The university will use the money to install several new park benches and reinforce the wooden walkway in such a manner that it can withstand the sun and salt of a coastal environment.
Additionally, a group of Nicholls physiology students worked with the LA Iris Conservation Initiative to beautify the paths along the sculpture garden walkways. Together with members of the Friends of the Chauvin Sculpture Garden, they planted 300 native irises around the property.
Dr. Gary Lafleur, director of the Center for Bayou Studies, said by maintaining the Chauvin Sculpture Garden, Nicholls confirms its commitment to being the university that is closest to the coast, not only in its physical footprint but also in its devotion to the residents and communities and traditions of the Louisiana Coast.

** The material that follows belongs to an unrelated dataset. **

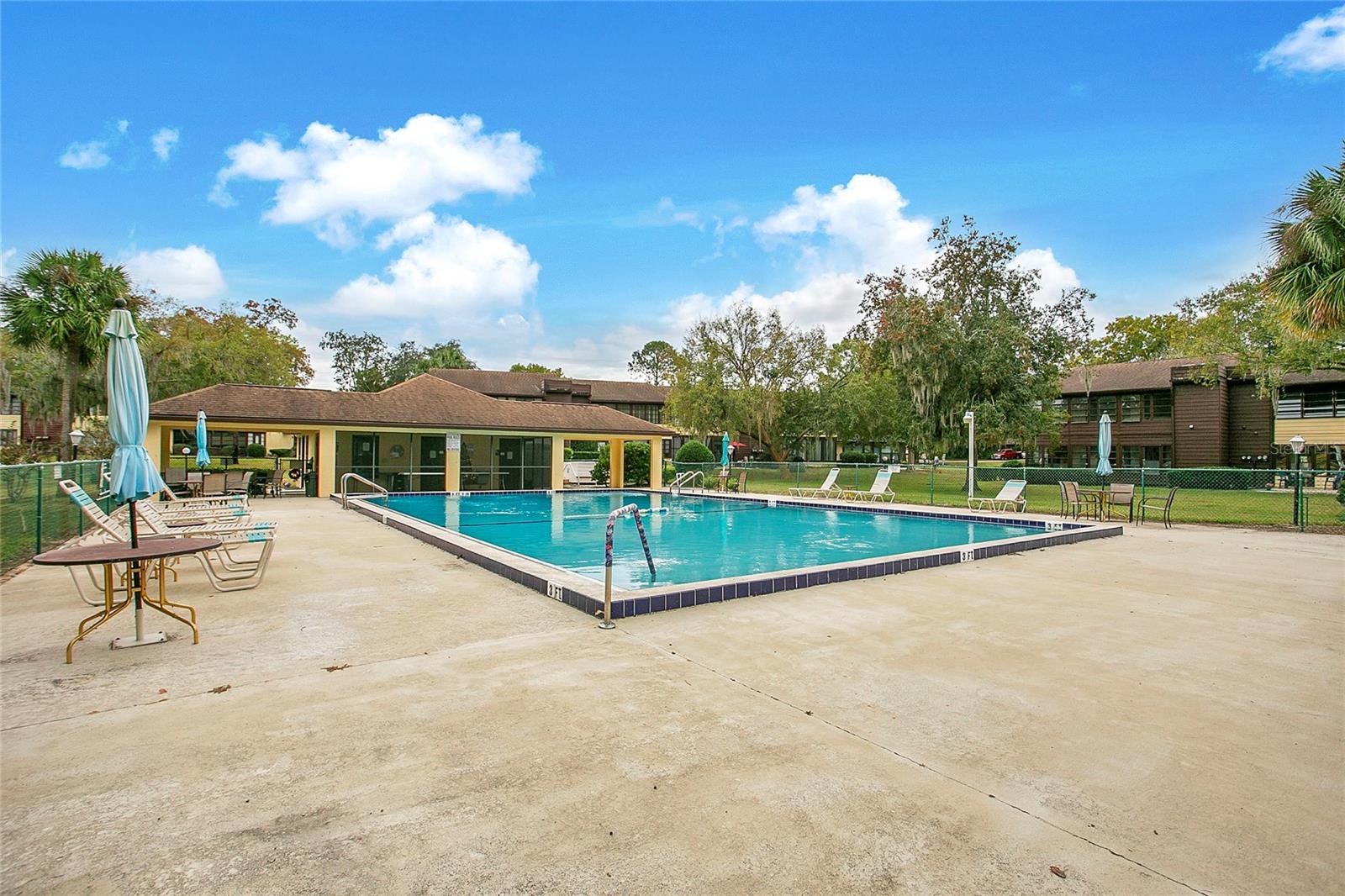 FAIRWAYS/SILVER SPGS SHRS CONDO - Residential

“Nicholls is invested in preserving, studying and helping to support the lifeways of the many coastal communities. That includes the substantial group of towns that lie across the southern reaches of Terrebonne Parish,” he said. “The garden is not just for art-enthusiasts. We use it as a facility to train students in art conservation and art interpretation. It can be used as a site for biology projects demonstrating plants that beautify while stabilizing bayou banks. It is also a valuable site to study the cultures of the coast, the ancient traditions of Louisiana fishing families and how coastal communities are responding to the highest amount of coastal land loss on earth.”
Once the home of Kenny Hill, the sculpture garden and art studio features over 100 concrete structures crafted by Hill during the decade he lived there. The land was gifted to Nicholls and opened to the public in 2002. The sculpture garden is open from dawn until dusk every day, and the art studio is open on weekends.

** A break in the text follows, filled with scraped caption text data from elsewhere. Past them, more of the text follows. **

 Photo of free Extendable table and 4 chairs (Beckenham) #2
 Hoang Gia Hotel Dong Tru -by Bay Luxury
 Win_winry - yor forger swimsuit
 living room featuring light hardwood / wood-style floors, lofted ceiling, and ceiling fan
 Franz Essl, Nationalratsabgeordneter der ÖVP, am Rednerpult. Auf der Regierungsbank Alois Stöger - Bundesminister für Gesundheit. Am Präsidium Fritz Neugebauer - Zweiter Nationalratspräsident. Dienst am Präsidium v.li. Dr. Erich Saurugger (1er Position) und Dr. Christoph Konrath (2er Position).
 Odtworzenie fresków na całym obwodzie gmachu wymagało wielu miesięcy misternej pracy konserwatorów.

“The Chauvin Sculpture Garden is one of the rare elements at Nicholls that is a totally exclusive asset,” Dr. Lafleur said. “No other university in Louisiana has this type of environmental art installation by a world-renowned visionary artist.”
Established in 2006, the AHNA stretches across 14 parishes in south-central Louisiana. The program offers grants to support its partners within their region in reaching the objectives of the organization. Those objectives include any activity that captures or benefits area traditions, customs, beliefs, history, folklore, lifeways, natural resources and local wildlife.
“Having the Atchafalaya National Heritage Area recognize the work that we are doing in Terrebonne Parish is very rewarding,” Dr. Lafleur said. “By awarding this grant they are confirming to us that Nicholls is making a positive impact on preservation.”